La respuesta del gobierno fue desmentir el asunto, diciendo que es una campaña de un asesor de políticos, J.J. Rendón y del alcalde Ocariz. Yo dudo mucho que tal levantamiento motorizado se haya debido a instrucciones de los susodichos, a quiénes no les conocía ese poder de convocatoria. Otro gobierno, en otro país, hubiera colocado preventivamente policías en las escuelas, aunque fuera para darle seguridad a la gente. Hubiera asegurado los centros educativos, sobre todo de las zonas pobres que fue donde se originó el problema, no sólo en la capital, sino en varios estados.

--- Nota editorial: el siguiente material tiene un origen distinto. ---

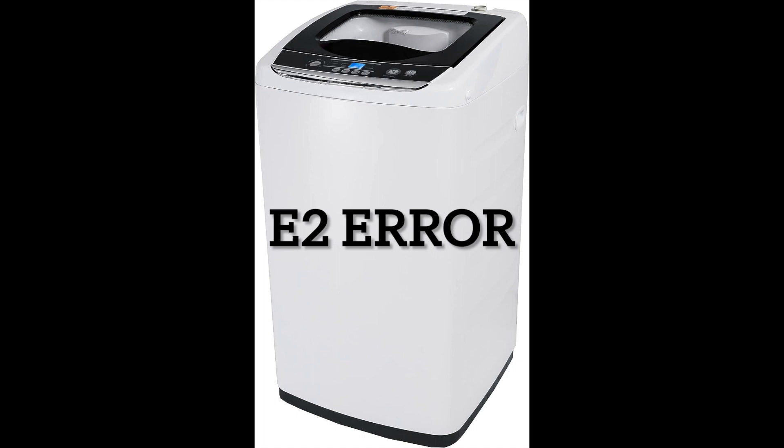The error E2 on these washing machines simply means that your washer is not draining properly. After eight minutes of trying to drain, the washer will put up an E2 error code. To fix this, you need to make sure that your washer is draining properly, and there are really two things that can be happening.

Aquí no. La Fiscal respondió sobre uno de los casos, que  había una persona acusada de fomentar el rumor y ninguna otra explicación se ha dado. 

En Caracas, lo que se ocurrió al día siguiente, debe estar en algún libro de descontrol de masas. De esos “a ver qué pasa”: después de las manifestaciones del miércoles, se anunció que se cerraría el acceso a las dos de las mayores estaciones de transferencia del metro caraqueño por diez días.  Así que un día hubo conmoción social por los motorizados, a quienes incluso Maduro les dedicó buena parte de una de sus cadenas, todo el pueblo envuelto según él en una conspiración macabra que hizo mover a  medio millar de personas y al día siguiente, desde las 6 de la mañana, se hizo que miles de caraqueños caminaran sin esperanza de traslado para llegar a sus trabajos y en la noche igual, debido al cierre de las dos estaciones de Metro. El programa de transporte del Ministerio de Comunicaciones, bien gracias.

Hubo aglomeraciones, colas sin fin en el supermercado Bicentenario que está al lado de una de las estaciones, en Plaza Venezuela, atracos, motociclistas y taxistas cobrando lo que les daba la gana, cierre de negocios y subidas de tensión.

Con una Policía Nacional desbordada, sin soluciones operativas, el gobierno lució tan desbordado como con la manifestación de motorizados donde no se presentó ni una autoridad. Lo único que se le ocurre al alto gobierno  es dificultar las posibilidades de diálogo, que han ofrecido desde otros países, donde andan angustiados, a ver si baja un poco el clima de desbarajuste que vivimos. Insultos a Felipe González, descalificaciones a los cancilleres de España y Colombia, recolecta de firmas  contra Obama en todas las esquinas de los ministerios y en el Metro, todo a  grito herido y con música a todo volumen, como si no fuera suficiente con lo atormentador que es no encontrar transporte en hora pico. Sin comida, sin transporte y sordos de tanto grito, los caraqueños caminan calle abajo y calle arriba, esperando la próxima ocurrencia de nuestros sociólogos residentes. 

(*) Periodista; editora jefe de la corresponsalía de Notitarde en Caracas.